Mars rover scientist James Wray '06 poses at CNN's headquarters after an interview with Alina Cho earlier this month. (Photo: Jason Maderer/Courtesy James Wray)
When James Wray ’06 gets wrapped up in his research, he finds himself “living on Mars time.” NASA’s new Mars rover, Curiosity, does most of its work in daylight, and as the daylight hours keep shifting (a day on Mars is about 40 minutes longer than one on Earth), Wray’s attention tends to follow.
Wray, an assistant professor of earth and atmospheric sciences at Georgia Tech, has good reason to be excited
. He is part of the team that created Sample Analysis at Mars (SAM), a suite of instruments onboard Curiosity. The tools should help the rover to “characterize the chemistry of some of the most interesting types of minerals” that it encounters, Wray said. By heating samples to about 1,000 degrees Celsius, SAM can detect trace amounts of important components such as water and carbon dioxide.

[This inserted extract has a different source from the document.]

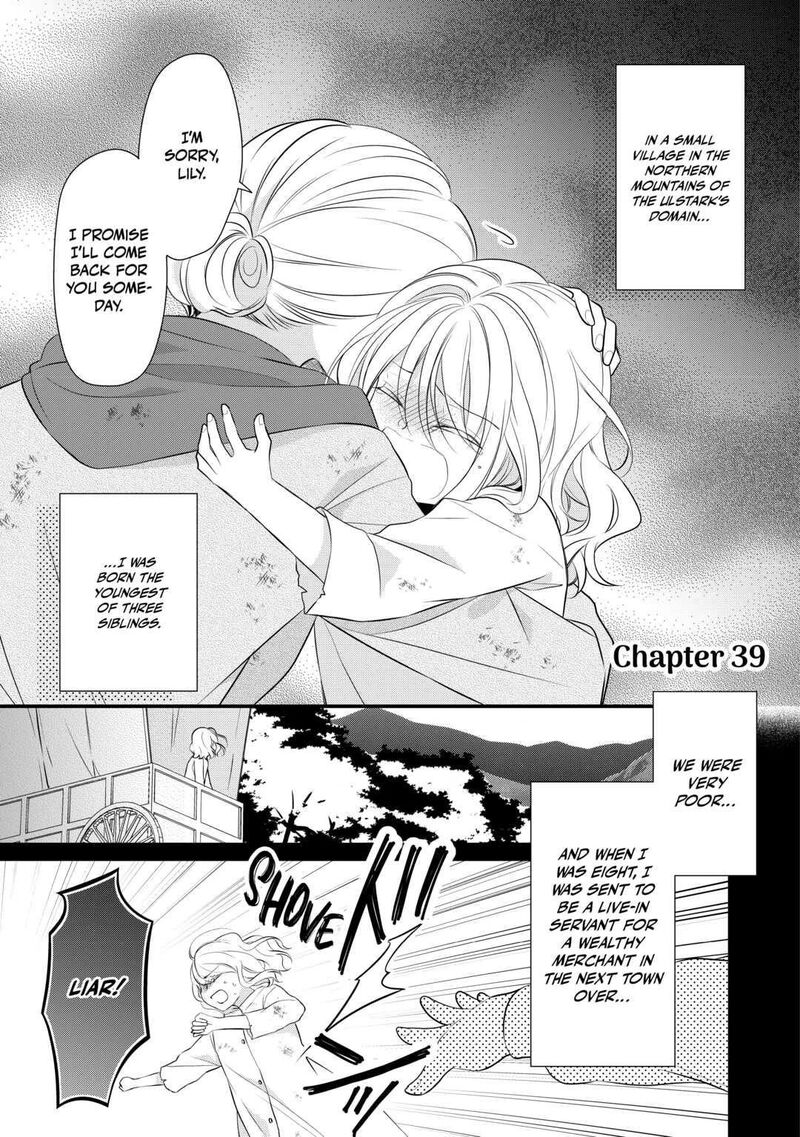 E-Rank Healer Chapter 39 - Page 1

Wray has been interested in science for as long as he can remember, and in his time at Princeton, he dove headfirst into astrophysics – a tight-knit department where he worked closely with mentors like Professor Edwin Turner and even met his future wife, fellow major Maggie (Kirkland) Wray ’06.
Senior-thesis work studying the icy moons of Jupiter and Saturn confirmed Wray’s hunch that he wanted to “focus on the planets closest to home,” so he continued his studies in a Ph.D. program at Cornell, working in the lab of astronomy professor Steve Squyres, the principal investigator for the science payload on NASA’s Mars Exploration Rovers.
Around the time that Wray arrived in Ithaca, the Mars Reconnaissance Orbiter began circling Mars, providing a trove of new data for his graduate research work. He later joined the group of about 400 scientists working on Curiosity, the largest and most complex Mars rover to date.
Wray said that the rover’s high-tech landing
earlier this month was a great start, but its most interesting work may come in about a year, when the rover reaches the base of a 3-mile-high mountain of sedimentary rock. Samples from that mountain, he said, could hold important clues about how the environment evolved on Mars.